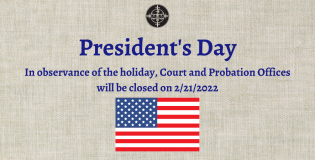 Court and Probation Offices will be Closed on Monday, February 21, 2022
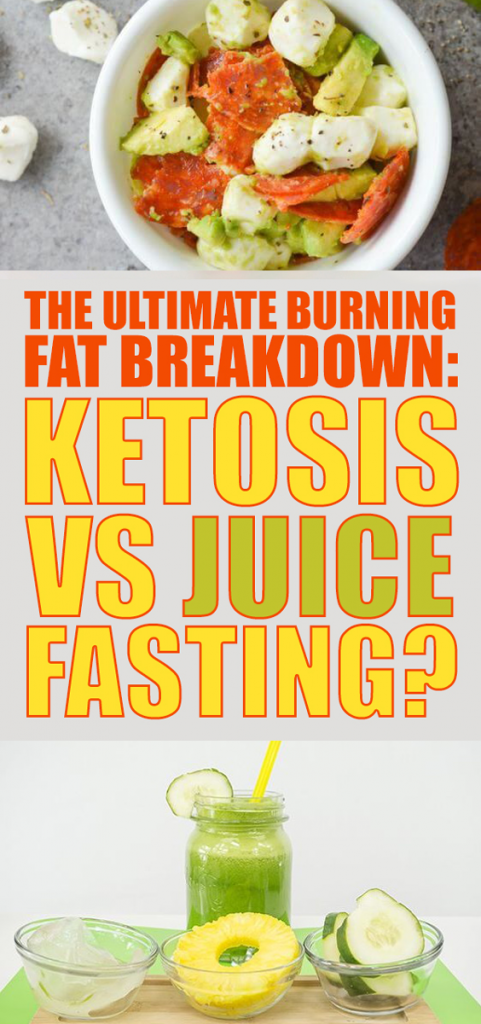 Both the process of ketosis and juice fasting are excellent methods to make your body burn down fat in fast and effective ways.
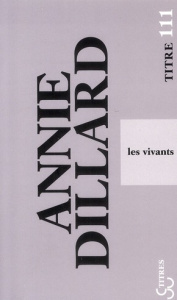 Les vivants - Dillard Annie ; Matthieussent Brice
──────────────────────────────
Every line from the one bearing "Both the process" through the end of the data above must be output exactly, and no picture may appear.

 Both the process of ketosis and juice fasting are excellent methods to make your body burn down fat in fast and effective ways.
 Les vivants - Dillard Annie ; Matthieussent Brice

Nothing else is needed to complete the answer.